Sarkozy ordnete für heute eine Schweigeminute in allen Schulen Frankreichs an. "Es sind unser aller Kinder", sagte der Präsident. "Das sind nicht nur eure Kinder. Es sind die unsrigen." Sarkozy versicherte: "Der Hass, die Grausamkeit, dürfen nicht gewinnen." Verteidigungsminister Gerard Longuet sagte, bei dem Täter handle es sich vermutlich um einen "Geistesgestörten", aber er könne auch ein terroristisches Verbrechen nicht ausschließen. Mit Blick auf die Morde und die grade laufende heiße Phase des französischen Präsidentschaftswahlkampfes warnte Didier Martinez, Chef der regionalen Polizeigewerkschaft SGP, vor voreiligen Schuldzuweisungen. "Wir sind in einer aufgeheizten Atmosphäre, und es ist zu früh für diese oder jene Hypothese", sagte Martinez.

+++ Sarkozy verkündet höchste Terrorwarnstufe für Toulouse +++

Die Umstände der Morde legen jedoch die Vermutung nahe, dass es sich um einen Täter handeln dürfte, der entweder aus rassistischen oder politischen Motiven handelt.
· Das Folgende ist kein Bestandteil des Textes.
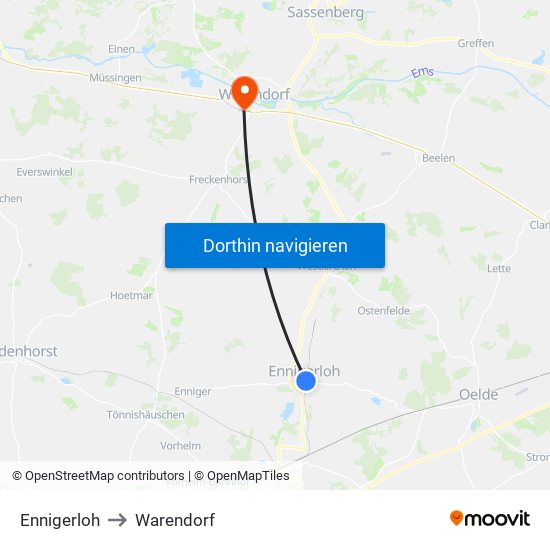 Ennigerloh to Warendorf map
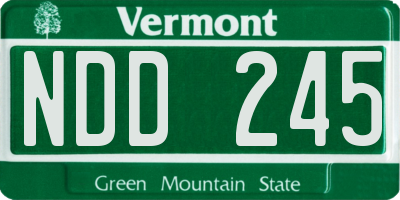 VT license plate NDD245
Wie die Konferenz Europäischer Rabbiner in Brüssel verurteilte auch Israel die Morde scharf. "Wir verfolgen die Nachrichten aus Toulouse mit Entsetzen", sagte der israelische Außenamtssprecher Jigal Palmor in Jerusalem. "Wir vertrauen den französischen Behörden und sind sicher, dass sie dieses Verbrechen aufklären und die Täter vor Gericht bringen werden." Der Präsident der Rabbinerkonferenz, Pinchas Goldschmidt, sagte: "Die schreckliche Tat ist bezeichnend für eine Gesellschaft, in der Intoleranz zugelassen wird."

EU-Kommissionspräsident José Manuel Barroso sprach von einem "blinden Verbrechen". "Nichts ist unerträglicher als die Ermordung unschuldiger Kinder", sagte Barroso in Brüssel. Bundesaußenminister Guido Westerwelle zeigte sich "tief bestürzt" und erklärte, Antisemitismus und Gewalt gegen jüdische Einrichtungen oder Menschen jüdischen Glaubens hätten in Europa keinen Platz und müssten konsequent geahndet werden.